Result documents will be sorted by relevance, and the index property can be used to determine original order.
??? console "Request"
```bash
curl -X 'POST' \
'http://127.0.0.1:8000/v1/rerank' \
-H 'accept: application/json' \
-H 'Content-Type: application/json' \
-d '{
"model": "BAAI/bge-reranker-base",
"query": "What is the capital of France?",
"documents": [
"The capital of Brazil is Brasilia.",
"The capital of France is Paris.",
"Horses and cows are both animals"
]
}'
```
??? console "Response"
```json
{
"id": "rerank-fae51b2b664d4ed38f5969b612edff77",
"model": "BAAI/bge-reranker-base",
"usage": {
"total_tokens": 56
},
"results": [
{
"index": 1,
"document": {
"text": "The capital of France is Paris."
},
"relevance_score": 0.99853515625
},
{
"index": 0,
"document": {
"text": "The capital of Brazil is Brasilia."
},
"relevance_score": 0.0005860328674316406
}
]
}
```
More examples
More examples can be found here: examples/pooling/score
Supported Features
AS cross-encoder models are a subset of classification models that accept two prompts as input and output num_labels equal to 1, cross-encoder features should be consistent with (sequence) classification. For more information, see this page.
Score Template
Score templates are supported for cross-encoder models only. If you are using an embedding model for scoring, vLLM does not apply a score template.
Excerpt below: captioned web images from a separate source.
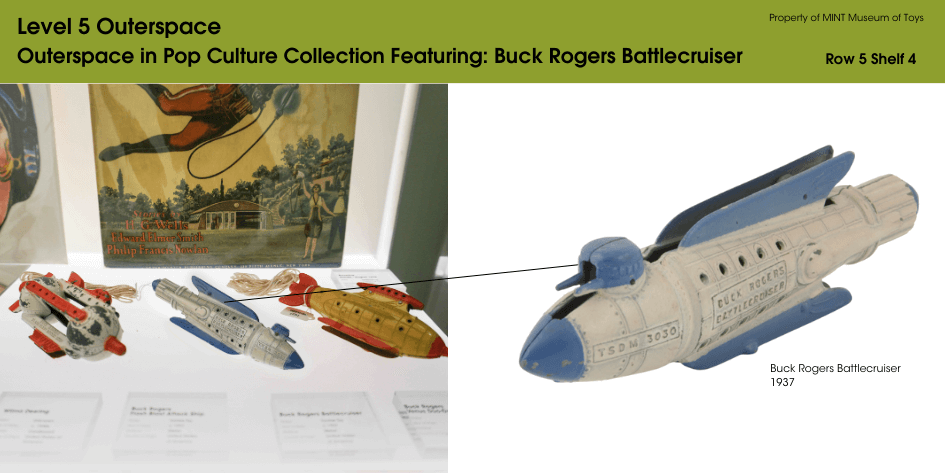 Buck Rogers Battlecruiser - MINT Museum of Toys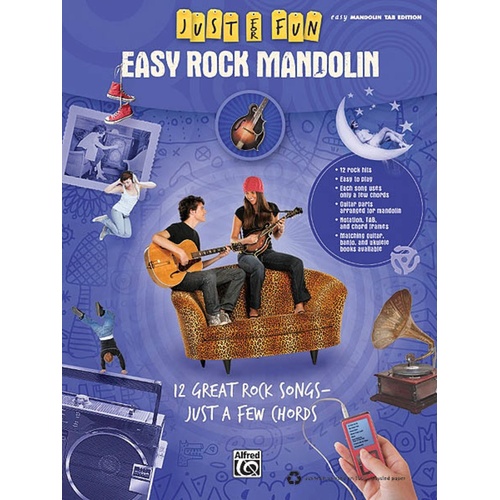 Just For Fun Easy Rock Mandolin (Softcover Book)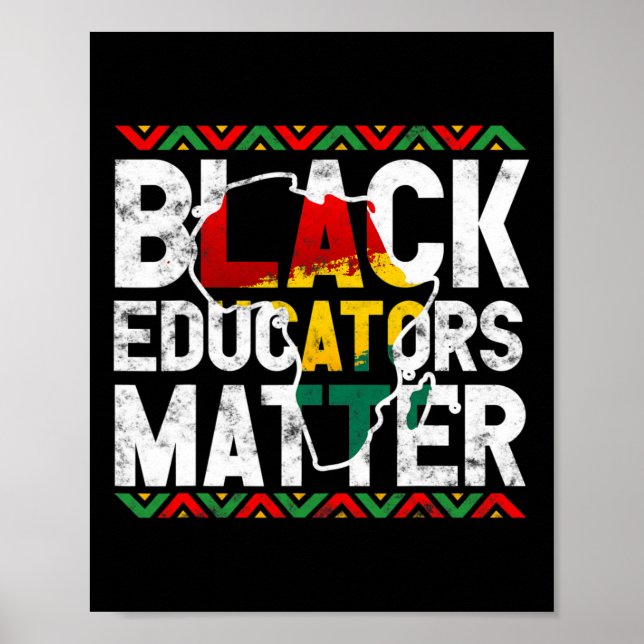 Black Educators Problem Design Black History Monat Poster (Vorne)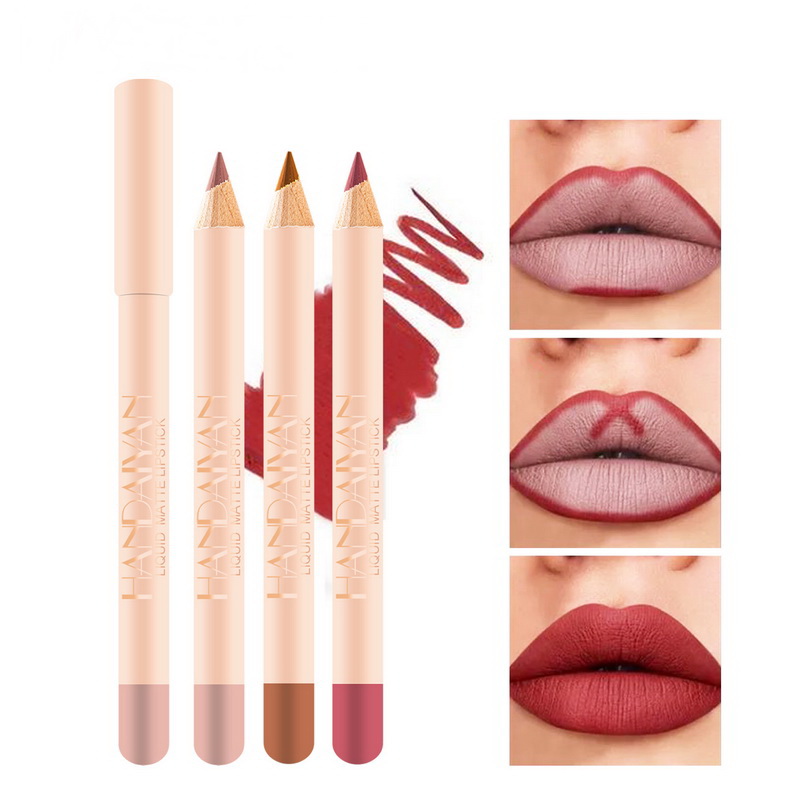 

Handaiyan colored lipstick pencil lip liner set Waterproof Sweatproof Wholesale Makeup Matte Lipliner Pen, Mixed color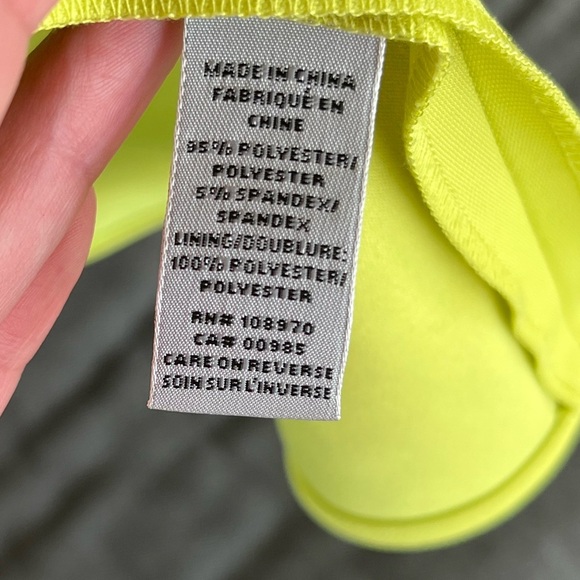 ZAC Zac Posen Size 4 Chartreuse Dress - Picture 7 of 16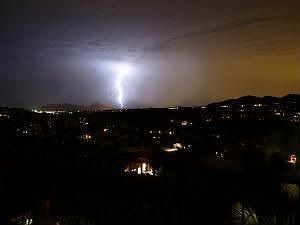 Enjoy the Monsoons from your back patio
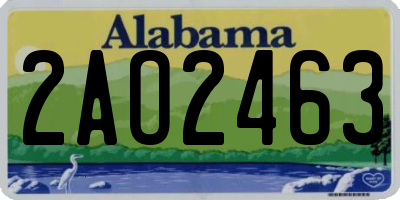 AL license plate 2AO2463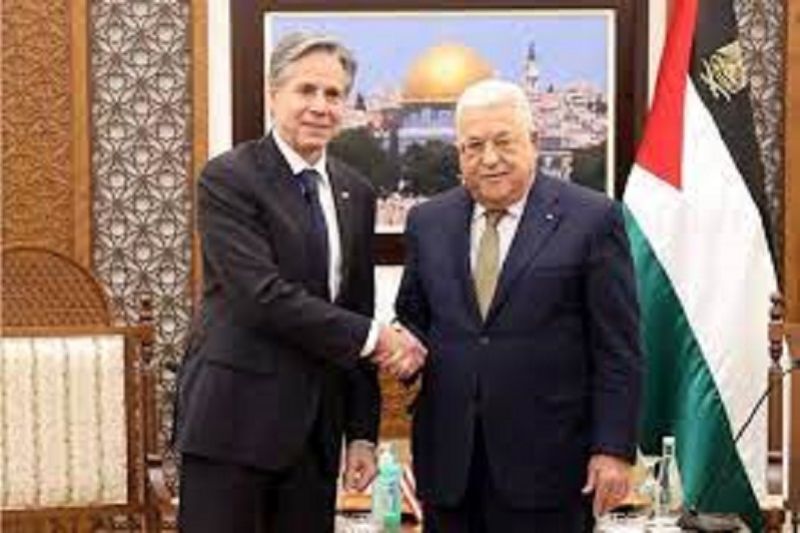 Blinken tegaskan dukungan AS untuk solusi dua negara Palestina-Israel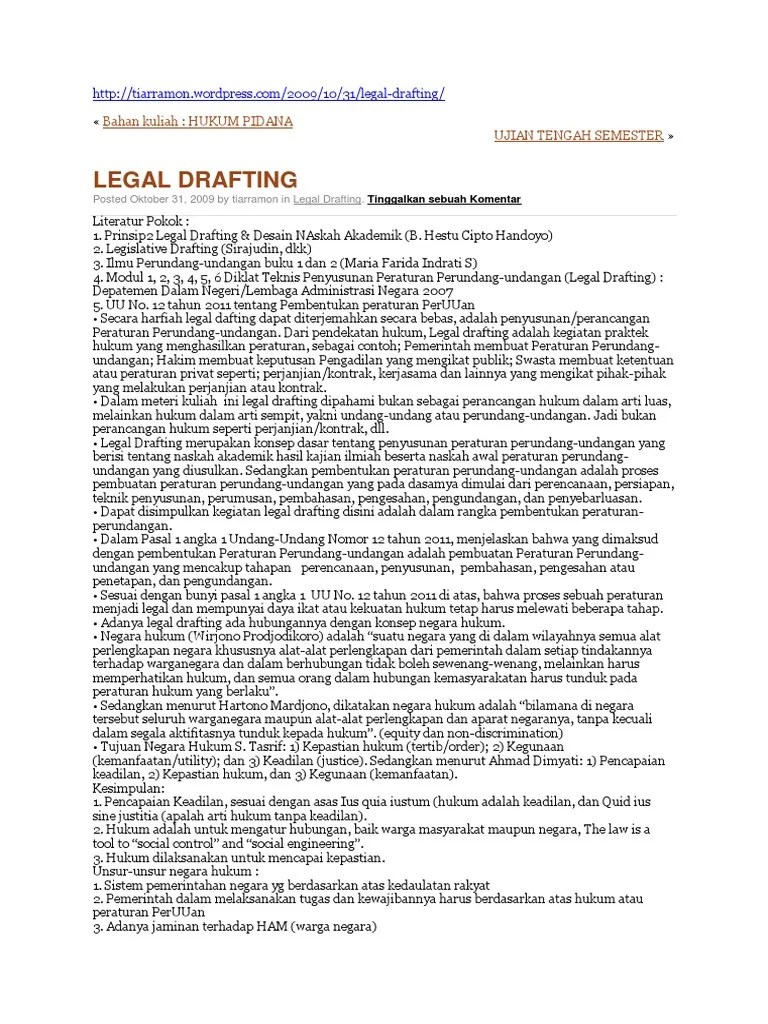 contoh surat kerjasama surat tanda pemerintah. Materi Legal Drafting Pdf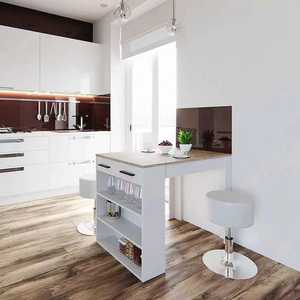 Gỗ Bàn Thanh Với Kệ Bằng Gỗ Kích Thước Lớn Bàn Ăn Với Ngăn Kéo Nhà Bếp Truy Cập Cho Nhà Bếp Phòng Ăn - Product Image 5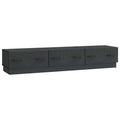 Mobile TV Nero 147 x 34,5 x 27 cm Legno ingegnerizzato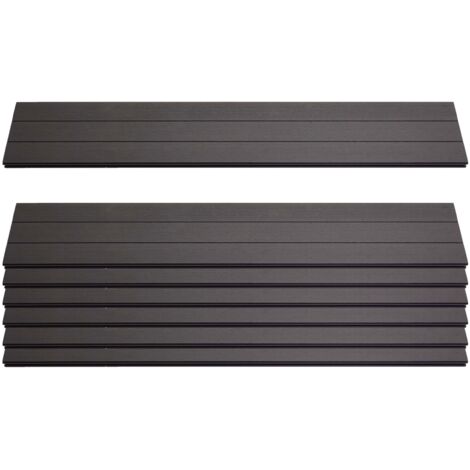 Set 7x listelli per pannelli frangivento fendivista privacy Sarthe WPC 90cm antracite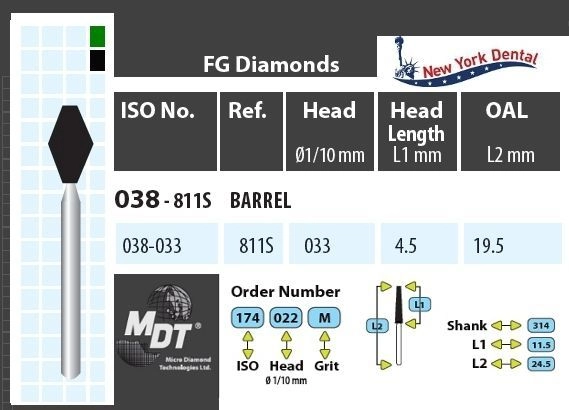 MDT Gyémánt Fúró Hordó 039-033M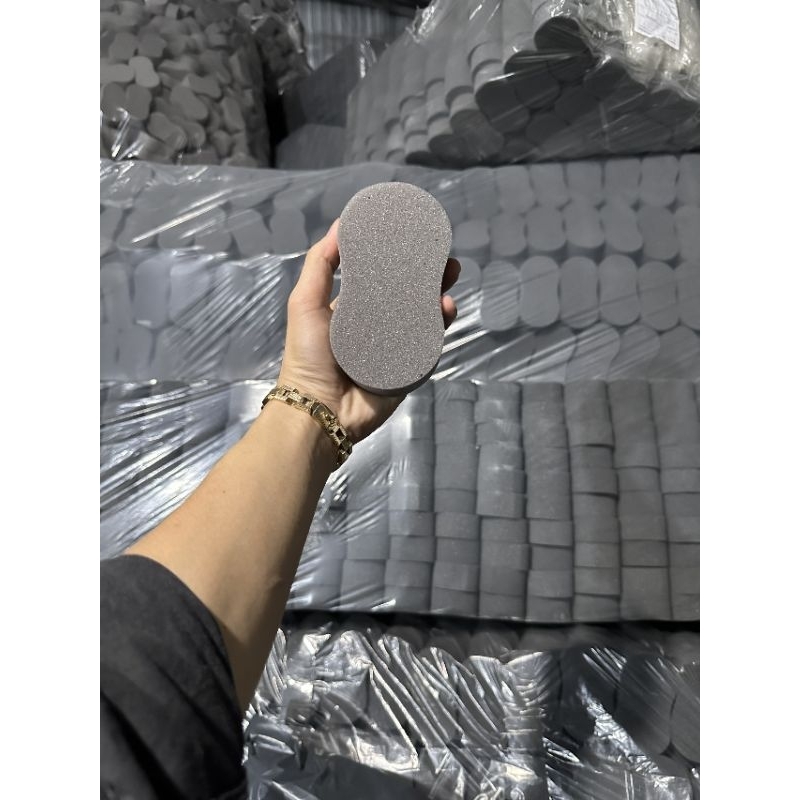 Mút phủi tóc nam màu xám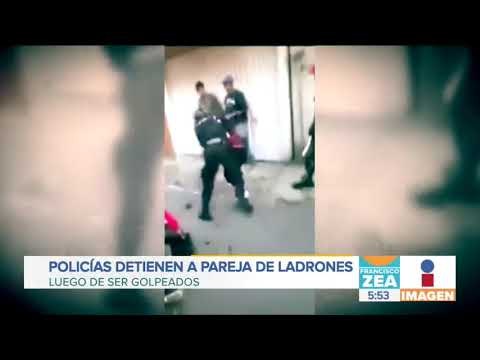 Policías detienen a pareja de ladrones luego de ser golpeados en Tlalpan | Noticias con Paco Zea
Some scoring models require a specific prompt format to work correctly. You can specify a custom score template using the --chat-template parameter (see Chat Template).
Like chat templates, the score template receives a messages list. For scoring, each message has a role attribute—either "query" or "document". For the usual kind of point-wise cross-encoder, you can expect exactly two messages: one query and one document. To access the query and document content, use Jinja's selectattr filter:
- Query:
{{ (messages | selectattr("role", "eq", "query") | first).content }} - Document:
{{ (messages | selectattr("role", "eq", "document") | first).content }}
This approach is more robust than index-based access (messages[0], messages[1]) because it selects messages by their semantic role. It also avoids assumptions about message ordering if additional message types are added to messages in the future.
Example template file: examples/pooling/score/template/nemotron-rerank.jinja
Enable/disable activation
You can enable or disable activation via use_activation only works for cross-encoder models.